After his surprising comeback to the art scene last year, following a sixteen year hiatus, things have been busy for Balder Olrik. A handful of Danish museums have already added the former painter’s cool and mysterious photographs to their collections, a few international institutions have shown interest, and most recently the Danish Arts Foundation acquired five pieces from his “Nodak Moments” series.
Balder Olrik photographic activity is based on a method he calls ”System 2”. This term was coined by Israeli-American psychologist and Nobel laureate Daniel Kahneman, who uses systems theory to explain, how cognitive processes work in humans.
System 1 is the mechanism, which is typically activated and functional in our interaction with the surrounding world. This system handles ”unproblematic” impressions so frequent and mundane that no analysis or reflection is necessary, because we know them by heart and instinctively recognize them. For instance, seeing a chair we need not analyze its construction or ponder the laws of physics – we can simply sit down, because countless previous encounters have taught us that this is safe to do.

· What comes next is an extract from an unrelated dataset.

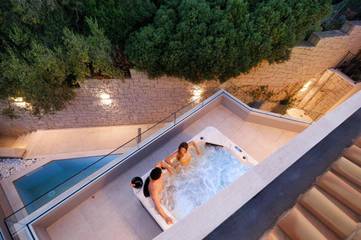 Maison d’hôte pour 2 personnes, avec vue ainsi que jardin et piscine à Villasimius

System 2 is the mechanism, which is activated, when we encounter something we do not immediately understand: The scene is familiar, but something is off. System 2 handles complexity, incomplete input and the mysterious. We are forced to look twice and analyze our impression. What exactly was it that threw us off? It is this second gaze, which Balder Olrik tries to goad. With his carefully placed blocks of colour, blanked-out details and minute deviations in the frame of the passe-partout, Olrik forces his audience to halt and reflect in a world, where a relentless and uninterrupted flood of images will easily leave us numb. It is a claim to afterthought in a superficial time.

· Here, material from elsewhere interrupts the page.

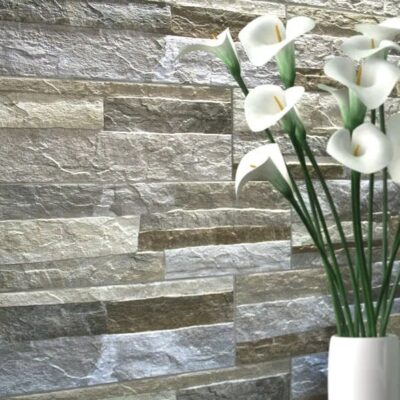 Pared revestida con aplacado efecto piedra natural en tonos grises y beige, con un jarrón blanco de flores de lirio blancas en primer plano. El acabado texturizado simula piedra natural en formato de hiladas irregulares, ideal para suelo porcelánico de acabado similar.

In his new series ”Under Reconstruction” Balder Olrik, in his own words, “attempts to draw a metaphysical portrait of a young woman, who struggles with her new role as a mother”. Through 16 manipulated photographs of refurbishments accompanied by notes from a therapy session, the artist outlines a fundamental feeling of existential unease and loneliness, which he claims a lot of new mothers experience. True to form, we find no humans, animals or machines in Olrik’s works, and the meticulously placed colour blocks that are so characteristic to his method create a sense of impermeability and censorship.
Olriks works have a peculiar habit of triggering emotions in their audience. And a combination of concise almost laconic texts, reminiscent of Raymond Carver, and ominous, abandoned photographs of scaffolded buildings will almost definitely grab you by the throat this time around.